1. Technical Field
The invention disclosed broadly relates to computer architectures, and more particularly relates to real time control system architectures which include fail safe features.
2. Background Art
Real time control applications such as process control in a factory environment, scheduling traffic in transportation networks or scheduling and controlling operations in broadcast communications networks, require a high reliability for the controlling processor. The prior art has provided high reliability systems by employing redundant processors in a fail safe configuration wherein a first processor is the primary or active processor which provides actual control commands to the system being controlled and the system further includes a second or standby processor which monitors the operation of the active processor and is ready to take over primary operations in the event that a failure is detected in the active processor. This technique is called hot standby redundant processing. A typical prior art approach to monitoring the active processor in a hot standby redundant processing system is by the use of a shared disk drive between the active processor and the standby processor. The active processor will periodically write a status word onto the shared disk drive and the standby processor will read the status information and interpret whether the primary continues to operate as intended. The standby will not take over the active status unless it determines from the status information on the shared disk drive that the active processor is malfunctioning. One problem with this prior art approach to a hot standby redundant operation is the seek time necessary to write the information onto the disk drive by the active processor and then to read the information from the disk drive by the standby processor. This time interval may be long enough to interfere with the smooth switchover which may be required in some applications when the standby processor takes over the active operation.
Another feature which is desirable in a real time control system is the capability of adapting to unscheduled changes such as responding to emergency situations in a process control application or responding to unscheduled broadcast events such as a news flash in a broadcast network control application. A typical prior art approach to real time adaptation in a hot standby redundant processor system would have the control sequence in the active processor altered by the real time information change but no change would be made to the standby. In such an architecture, when the standby later detects a fault in the active processor's operation, the standby would have to go through a data load interval to load the most recent data into its own respective memory before it could take over and resume the operation currently being controlled by the abdicating active processor. This would impose still further delay in the switchover time for the takeover by the standby in a prior art hot standby architecture.

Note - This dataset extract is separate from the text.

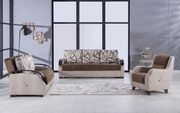 Brown/cream convertible sofa bed with storage additional photo 2 of 9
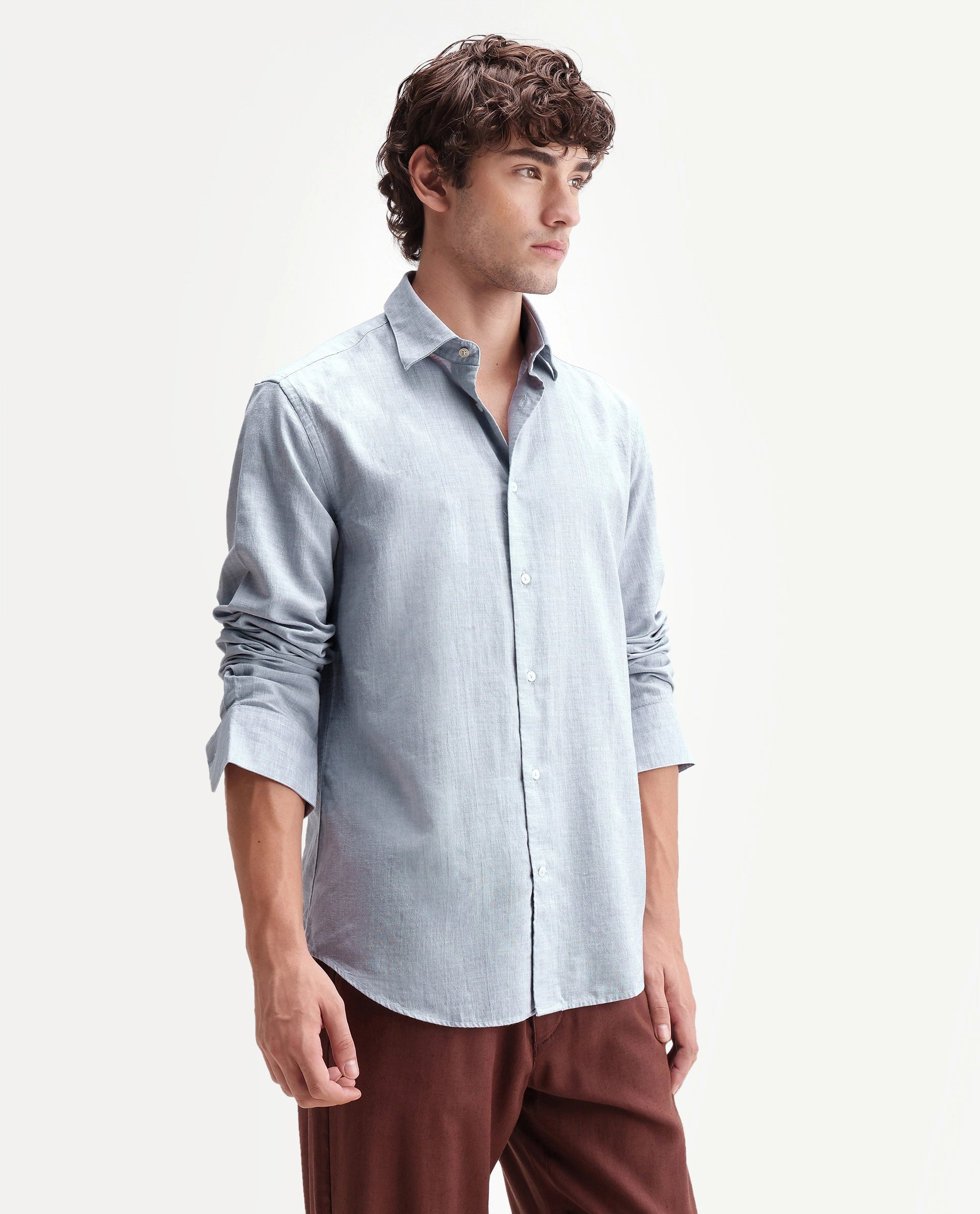 Rare Rabbit Men's Bonc Dusky Purple Linen Blend Fabric Full Sleeve Spread Collar Button Regular Plain Shirt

Additional features which are required in a real time control system for the sequential scheduling of events, is the ability to frame accurate schedule execution. Prior art systems have been unable to meet this requirement where relatively short hot standby takeover intervals are required. Another feature of real time control systems which must control complex networks of machines is the ability to expand the number and kinds of slave machines connected and under control of the real time processors. Rapidly changing the configuration of prior art real time control systems has been a significant problem requiring a lengthy reprogramming in order to expand existing systems.